As shown in Table 5, if a target node has an outstanding MAF in any FPP request state except a victim request when the source broadcast read or write request is received, the target node issues an FPP response to the source node and the target node MAF state remains unchanged. If a target node has an outstanding MAF in a FPP victim request state when the source broadcast read or write request is received, the target node issues a CONFLICT response to the source node and the target node MAF state remains unchanged. Also, if a target node has an outstanding MAF in one of the broadcast read states set forth in Table 5 when the source broadcast read or write request is received, the target node issues a RD-CONF response to the source node and the target node MAF state transitions according to the conflict state machine (see, e.g., FIG. 3). Further, if a target node has an outstanding MAF in one of the broadcast write states set forth in Table 5 when the source broadcast read or write request is received, the target node issues a CONFLICT response to the source node and the target node MAF state transitions according to the conflict state machine.

After all target nodes have responded to a source broadcast read/write request issued by a source node, the action taken at the source node proceeds according to several factors.
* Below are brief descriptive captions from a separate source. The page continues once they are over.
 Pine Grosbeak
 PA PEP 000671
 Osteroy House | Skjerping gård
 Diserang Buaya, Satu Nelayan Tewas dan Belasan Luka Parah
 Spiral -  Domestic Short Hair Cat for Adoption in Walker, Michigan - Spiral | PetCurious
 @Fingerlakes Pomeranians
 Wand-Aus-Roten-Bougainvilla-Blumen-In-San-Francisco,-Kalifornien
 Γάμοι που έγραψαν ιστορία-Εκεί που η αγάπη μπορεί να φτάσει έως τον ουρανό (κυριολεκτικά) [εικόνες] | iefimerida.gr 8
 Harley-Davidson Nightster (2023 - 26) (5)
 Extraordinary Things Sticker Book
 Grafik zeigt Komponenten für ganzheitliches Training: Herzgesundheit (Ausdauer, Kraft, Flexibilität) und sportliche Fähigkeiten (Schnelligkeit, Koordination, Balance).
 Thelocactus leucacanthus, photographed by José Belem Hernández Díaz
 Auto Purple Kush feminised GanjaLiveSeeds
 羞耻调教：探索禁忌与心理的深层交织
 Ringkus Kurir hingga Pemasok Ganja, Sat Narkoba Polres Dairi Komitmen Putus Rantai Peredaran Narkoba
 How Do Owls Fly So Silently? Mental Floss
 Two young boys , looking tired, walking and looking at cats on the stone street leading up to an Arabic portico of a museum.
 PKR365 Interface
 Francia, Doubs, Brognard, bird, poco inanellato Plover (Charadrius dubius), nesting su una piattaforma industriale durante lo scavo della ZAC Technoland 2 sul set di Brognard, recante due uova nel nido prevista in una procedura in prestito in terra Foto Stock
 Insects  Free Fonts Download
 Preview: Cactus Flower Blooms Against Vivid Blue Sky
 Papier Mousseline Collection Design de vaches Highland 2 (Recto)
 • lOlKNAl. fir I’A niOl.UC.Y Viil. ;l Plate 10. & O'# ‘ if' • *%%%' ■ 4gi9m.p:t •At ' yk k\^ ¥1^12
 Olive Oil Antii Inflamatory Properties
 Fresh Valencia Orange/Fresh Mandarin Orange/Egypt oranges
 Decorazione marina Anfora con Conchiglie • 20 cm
These factors include the type of source broadcast read/write request issued by the source node, the resulting state of the data state machine (see, e.g., FIG. 2), and the resulting state of the conflict state machine (see, e.g., FIG. 3).

Referring back to FIG. 1, the source processor 12 can transmit a source broadcast non-migratory read snoop (XREADN, see, e.g., Table 2) to the other processor 14, to the memory 16, and to the other nodes 20 via the system interconnect 18. The other nodes in the system respond to the XREADN request by providing either a data response or a non-data response (see, e.g., Table 3), depending on factors such as the state of the respective nodes when the request is received and whether there is a conflict with the request, as described herein. The responses drive the data state machine and conflict state machine at the source processor 12 associated with the XREADN request, as described herein (see, e.g., FIGS. 2 and 3). After all responses to the XREADN request have returned from the nodes in the system 10, the resulting action taken at the source processor 12 is determined in accordance with the resulting data state/conflict state combinations, such as set forth below in Table 6.

TABLE 6
Data State Conflict State
Machine Machine Action Taken at Source Node
NO-DATA Don't Care Transition to FPP mode and reissue
using FPP request.
Don't FPP Transition to FPP mode and reissue
Care using FPP request.
S-DATA NO-CONFLICT, Fill cache with S-DATA, transition
SHARED, cache line to S-state, and
RD-CONF retire MAF.
S-DATA CONFLICT FILL-INVALID - Fill cache with
S-DATA, transition cache line
to I-state, and retire MAF.
D-DATA Don't Care Error - D-DATA not returned for
XREADN.
M-DATA NO-CONFLICT, Fill cache with M-DATA, transition
SHARED cache line to E-state, F-state, or
S-state, and retire MAF.
M-DATA RD-CONF Fill cache with M-DATA, transition
cache line to S-state, and retire MAF.
M-DATA CONFLICT Transition to FPP mode and reissue
using FPP request.

According to the cache coherency protocol described herein, an example sequence of events for an XREADN transaction is as follows:

    • 1. Allocate an entry in a source node MAF.
    • 2. Broadcast the XREADN commands to the home and all processors. Set the MAF entry to a SNOOPS_PENDING state.
    • 3. Respond to snoop responses and third party snoops in accordance with the data state machine (see, e.g., FIG. 2) and conflict state machine (see, e.g., FIG. 3) associated with the MAF entry as well as processor snoop response Table 4.
    • 4. After all snoop responses have returned from other nodes, take actions as determined in XREADN snoop resolution Table 6 based on the data state machine and conflict state machine associated with the MAF entry.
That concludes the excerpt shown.